THE DATA:
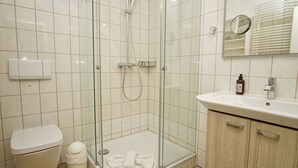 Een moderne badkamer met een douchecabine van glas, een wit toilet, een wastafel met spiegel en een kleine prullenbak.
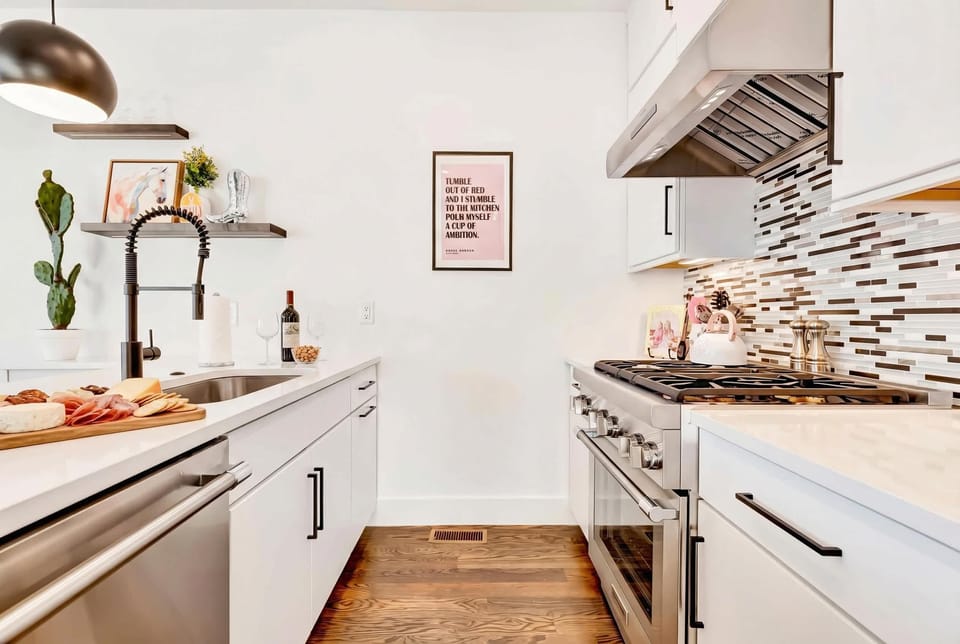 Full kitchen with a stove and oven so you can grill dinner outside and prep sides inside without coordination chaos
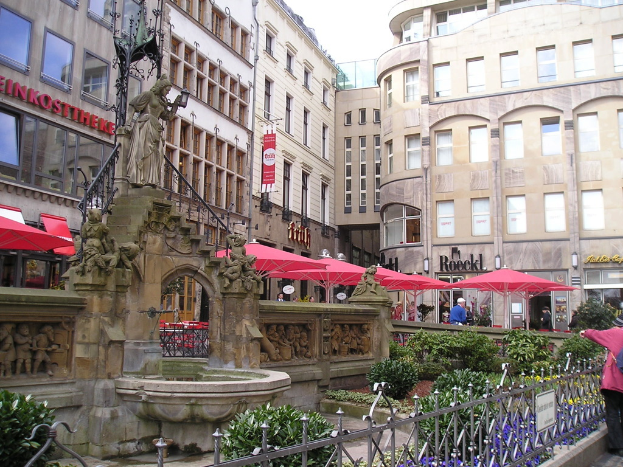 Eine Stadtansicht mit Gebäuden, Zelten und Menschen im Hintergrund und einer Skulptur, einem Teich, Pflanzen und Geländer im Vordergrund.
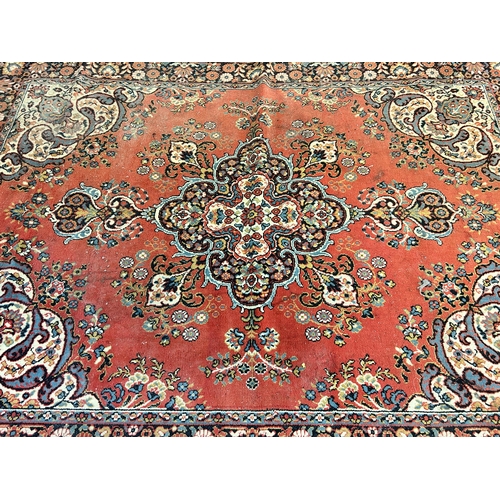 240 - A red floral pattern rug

---

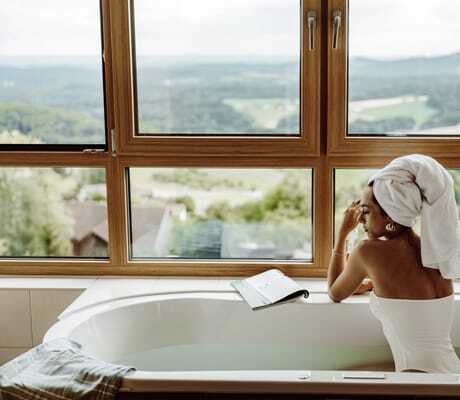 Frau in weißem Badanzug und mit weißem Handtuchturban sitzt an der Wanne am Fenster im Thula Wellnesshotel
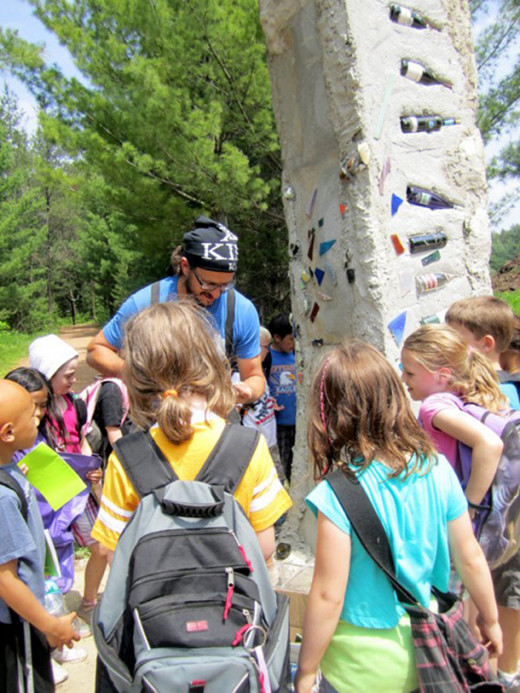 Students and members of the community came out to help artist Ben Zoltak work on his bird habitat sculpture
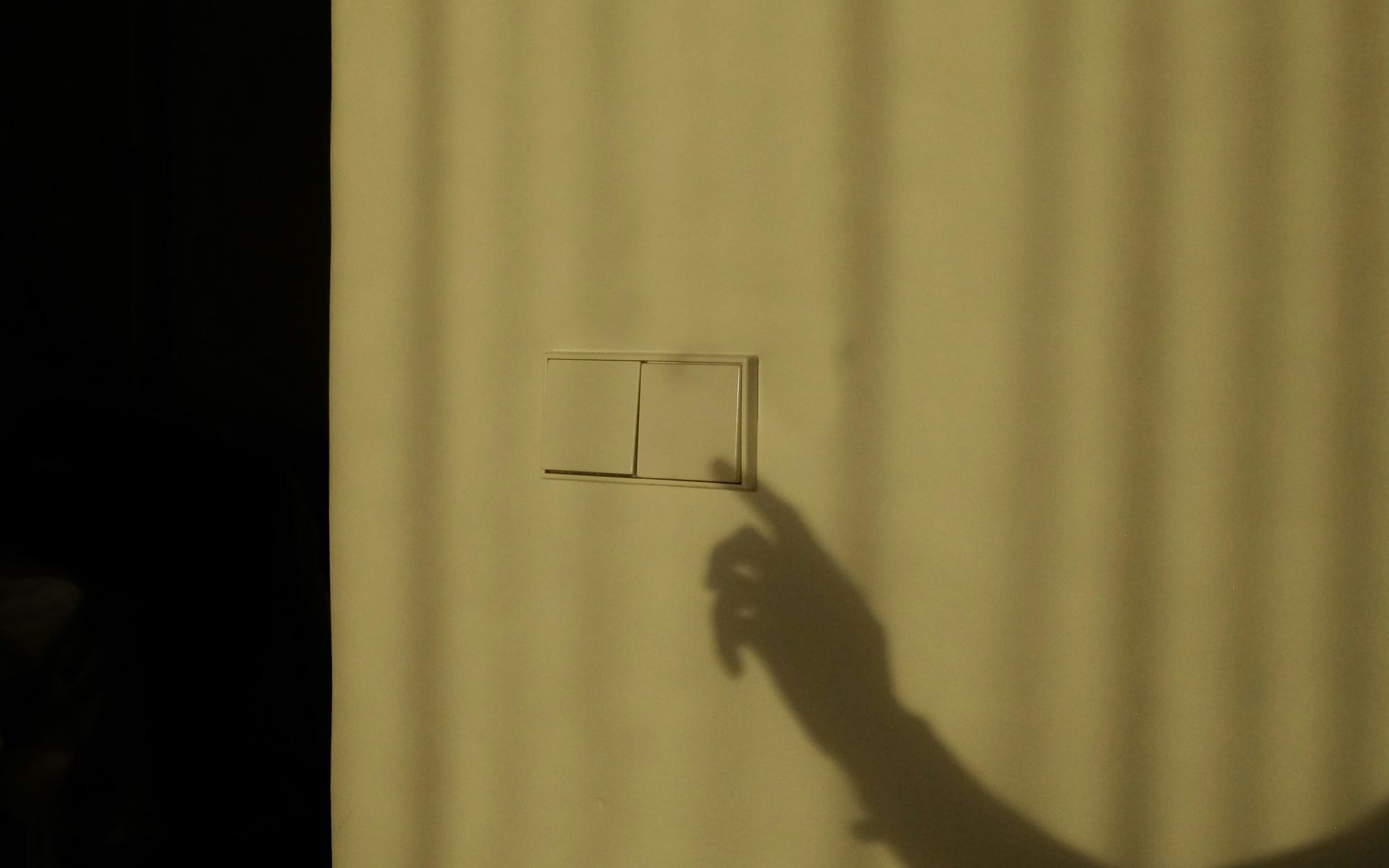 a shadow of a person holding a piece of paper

* * *

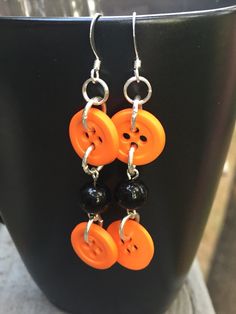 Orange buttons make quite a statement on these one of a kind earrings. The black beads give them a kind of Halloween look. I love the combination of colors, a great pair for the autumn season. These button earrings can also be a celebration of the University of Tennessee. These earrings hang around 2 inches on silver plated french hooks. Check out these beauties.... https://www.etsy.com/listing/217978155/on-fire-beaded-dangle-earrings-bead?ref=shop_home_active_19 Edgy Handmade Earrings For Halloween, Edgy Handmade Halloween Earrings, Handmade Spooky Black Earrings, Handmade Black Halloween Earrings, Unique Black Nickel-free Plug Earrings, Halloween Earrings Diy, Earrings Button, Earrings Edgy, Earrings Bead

TASK INSTRUCTIONS: Print, exactly and with no pictures, the lines of the listing above starting at the one that has "Een moderne badkamer" and ending at the one that has "240 - A red floral pattern rug", both included.

ANSWER BOX:
 Een moderne badkamer met een douchecabine van glas, een wit toilet, een wastafel met spiegel en een kleine prullenbak.
 Full kitchen with a stove and oven so you can grill dinner outside and prep sides inside without coordination chaos
 Eine Stadtansicht mit Gebäuden, Zelten und Menschen im Hintergrund und einer Skulptur, einem Teich, Pflanzen und Geländer im Vordergrund.
 240 - A red floral pattern rug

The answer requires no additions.